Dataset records
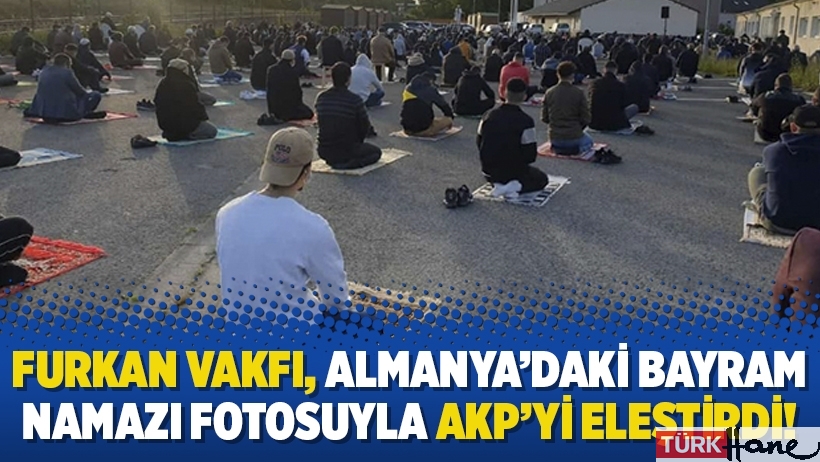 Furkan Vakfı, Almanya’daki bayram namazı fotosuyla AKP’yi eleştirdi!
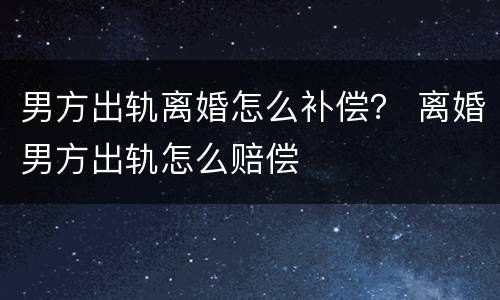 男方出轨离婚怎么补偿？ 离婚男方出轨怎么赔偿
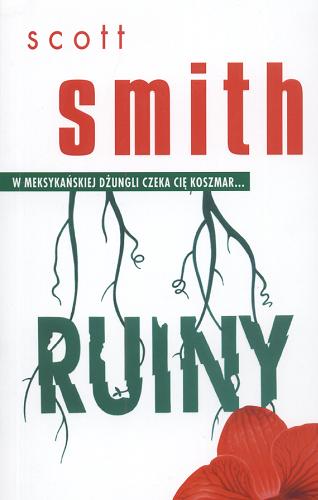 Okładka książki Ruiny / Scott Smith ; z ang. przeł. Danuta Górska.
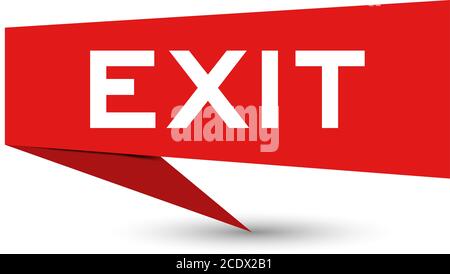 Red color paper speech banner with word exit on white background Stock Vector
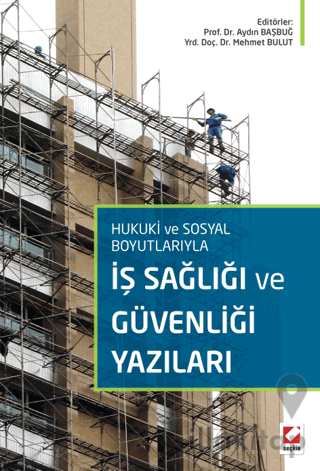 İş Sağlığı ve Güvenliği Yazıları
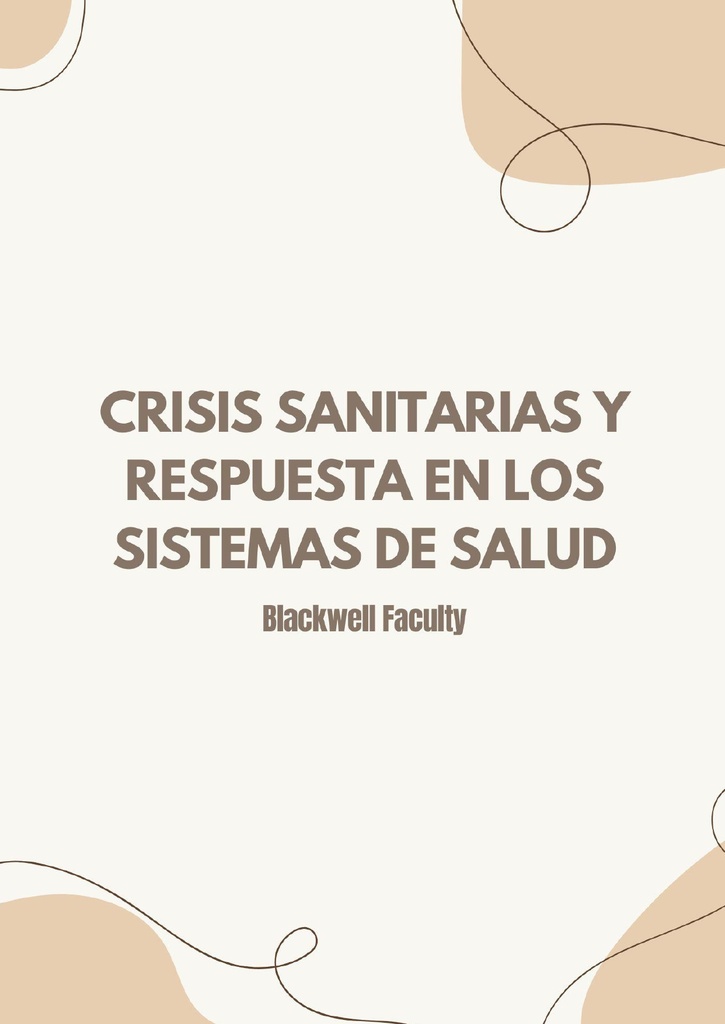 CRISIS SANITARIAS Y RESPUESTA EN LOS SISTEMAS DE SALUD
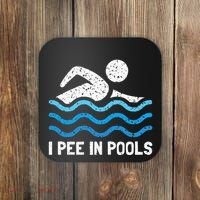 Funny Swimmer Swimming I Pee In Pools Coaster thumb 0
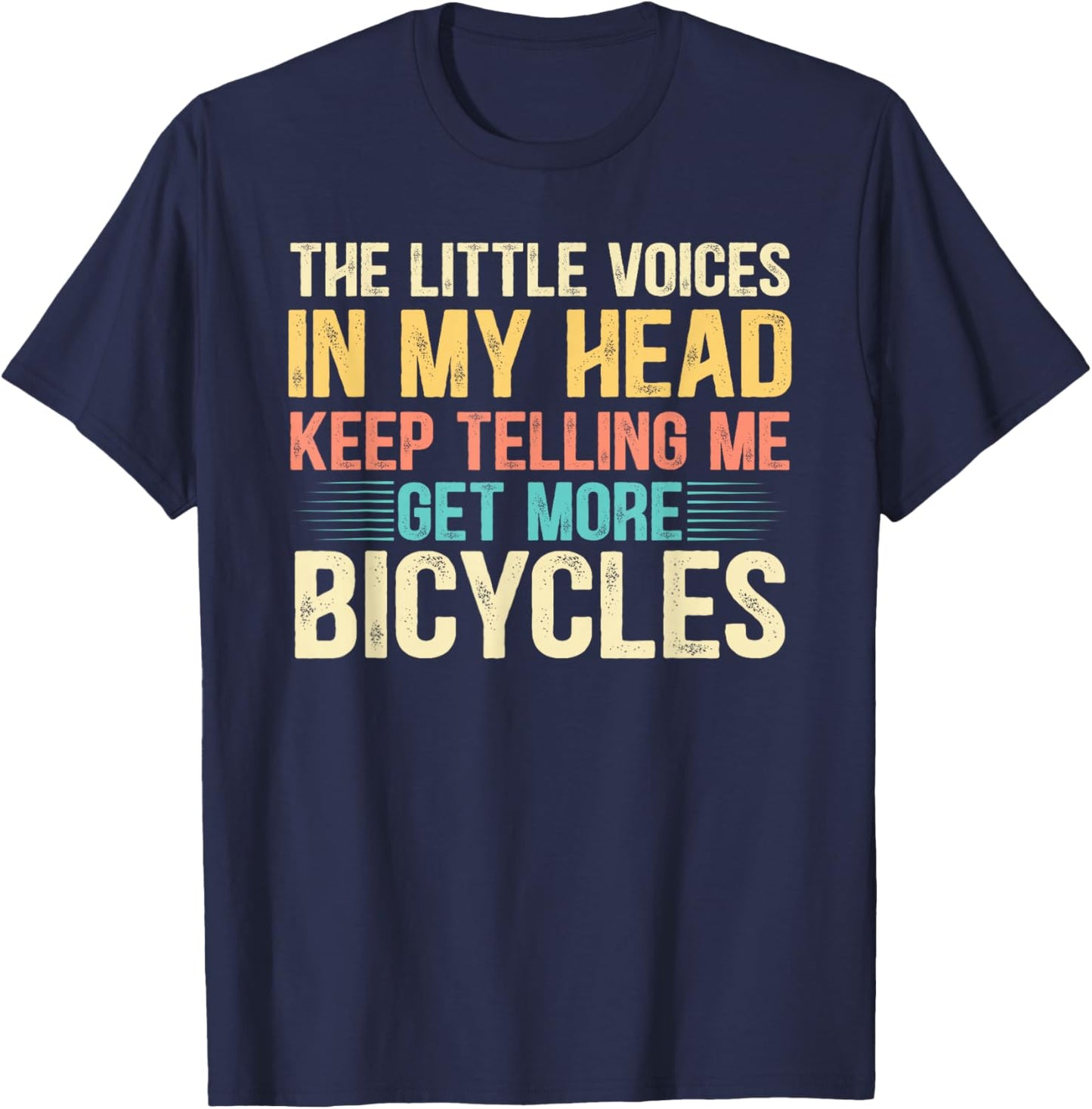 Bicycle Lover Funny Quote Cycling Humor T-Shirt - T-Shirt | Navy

TASK DESCRIPTION: Return all records verbatim and drop the pictures.

WRITTEN SOLUTION:
 Furkan Vakfı, Almanya’daki bayram namazı fotosuyla AKP’yi eleştirdi!
 男方出轨离婚怎么补偿？ 离婚男方出轨怎么赔偿
 Okładka książki Ruiny / Scott Smith ; z ang. przeł. Danuta Górska.
 Red color paper speech banner with word exit on white background Stock Vector
 İş Sağlığı ve Güvenliği Yazıları
 CRISIS SANITARIAS Y RESPUESTA EN LOS SISTEMAS DE SALUD
 Funny Swimmer Swimming I Pee In Pools Coaster thumb 0
 Bicycle Lover Funny Quote Cycling Humor T-Shirt - T-Shirt | Navy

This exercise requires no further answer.